A preocupação com os desafios impostos pelas tecnologias de informação e comunicação e a internet levou à criação da Lei No12965/2014, que estabelece princípios, garantias, direitos e deveres para o uso da Internet no Brasil, tendo como base a ideia de neutralidade da rede, privacidade, função social e também a garantia da liberdade de expressão e transmissão de conhecimento. Conhecido como Marco civil da internet, foi um projeto construído com ampla participação da população.

Outra atividade crucial para um debate público relacionado a políticas de comunicação, em termos da participação da sociedade, foi a realização da I Conferência Nacional de Comunicação, em 2009, também antecedida por diversas etapas preparatórias e debates nas 27 unidades da Federação, envolvendo milhares de pessoas.
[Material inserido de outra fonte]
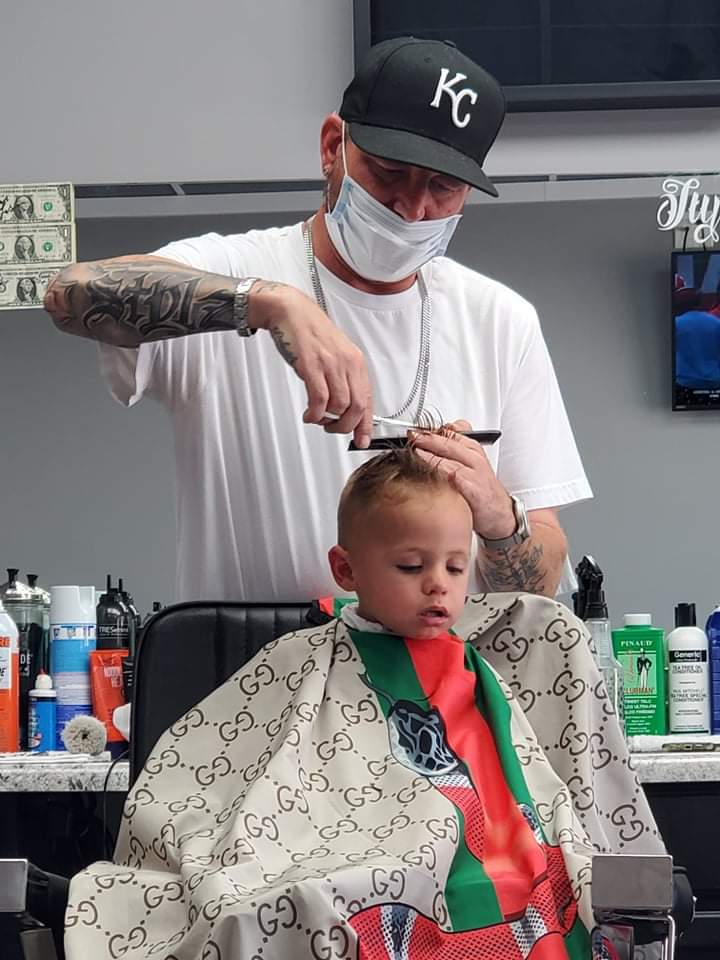Stylz cutting the hair of a preschool-aged child.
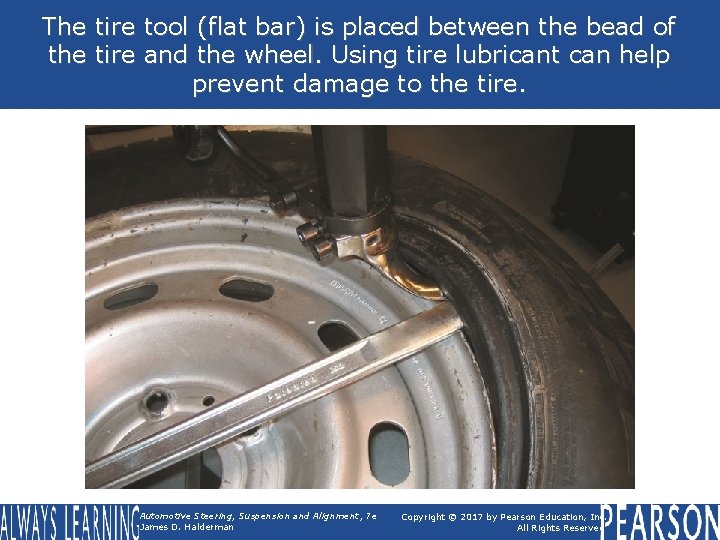 The tire tool (flat bar) is placed between the bead of the tire and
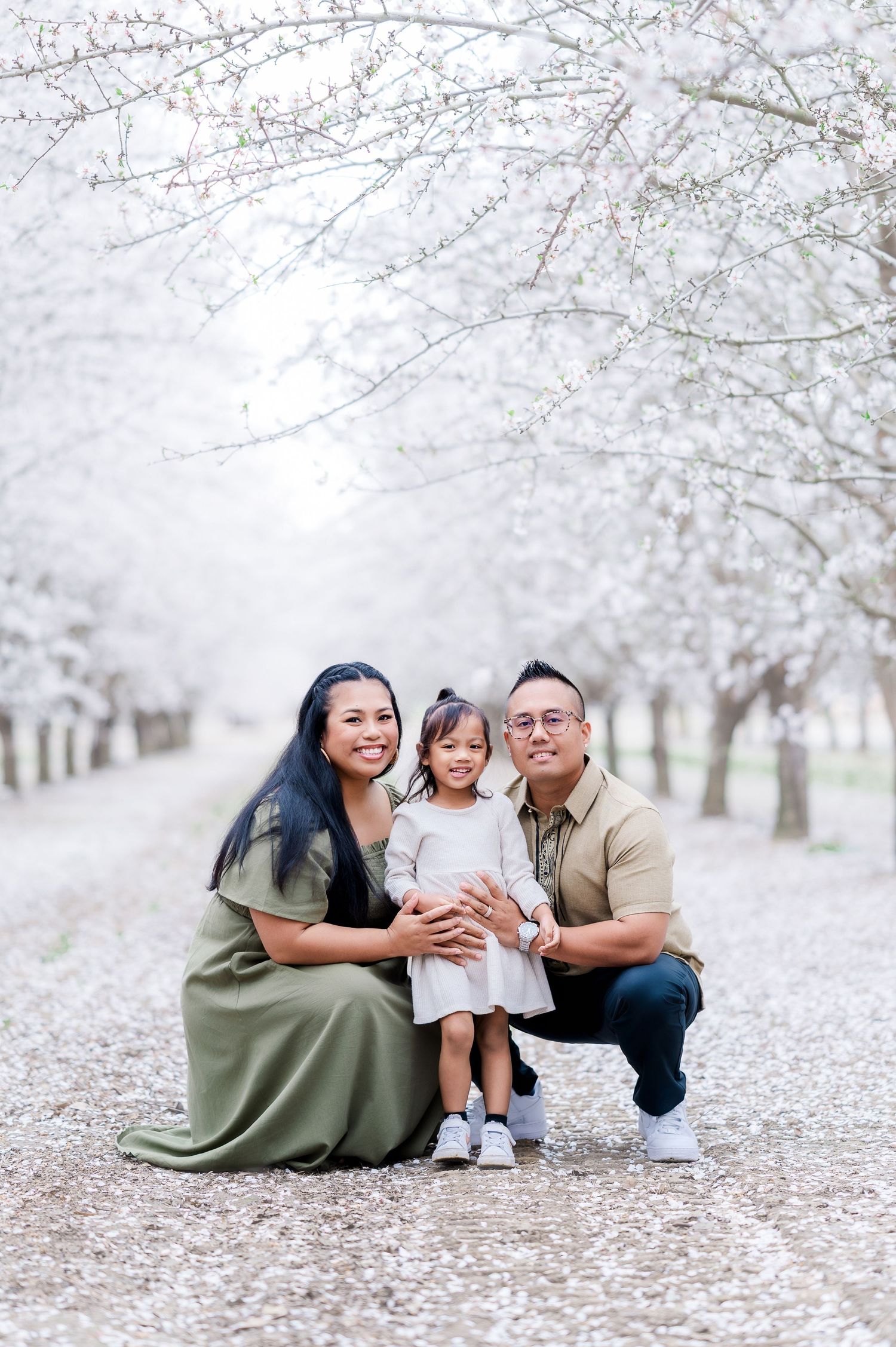 A family enjoys a tender moment together under blooming cherry blossom trees on a spring day.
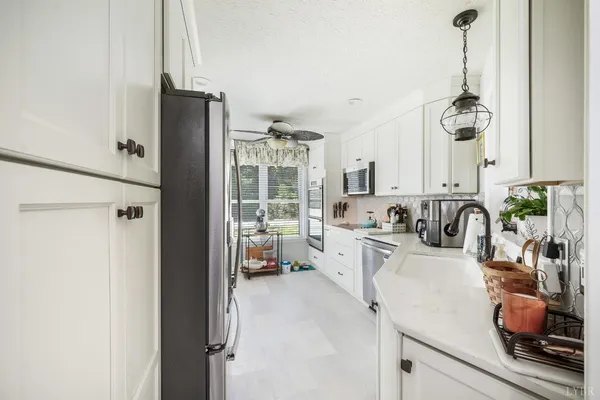 a kitchen with stainless steel appliances white cabinets and wooden floor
A afirmação da comunicação como um direito humano a ser incluído na Constituição Federal e a definição do acesso à internet banda larga como direito fundamental a ser estabelecido como serviço em regime público foram alguns dos pleitos da conferência.  Também resultado da conferência, o documento Plataforma para um novo Marco Regulatório das Comunicações no Brasil foi apresentado ao Governo e à sociedade, com diretrizes para reformulação do conjunto de leis para as comunicações no Brasil.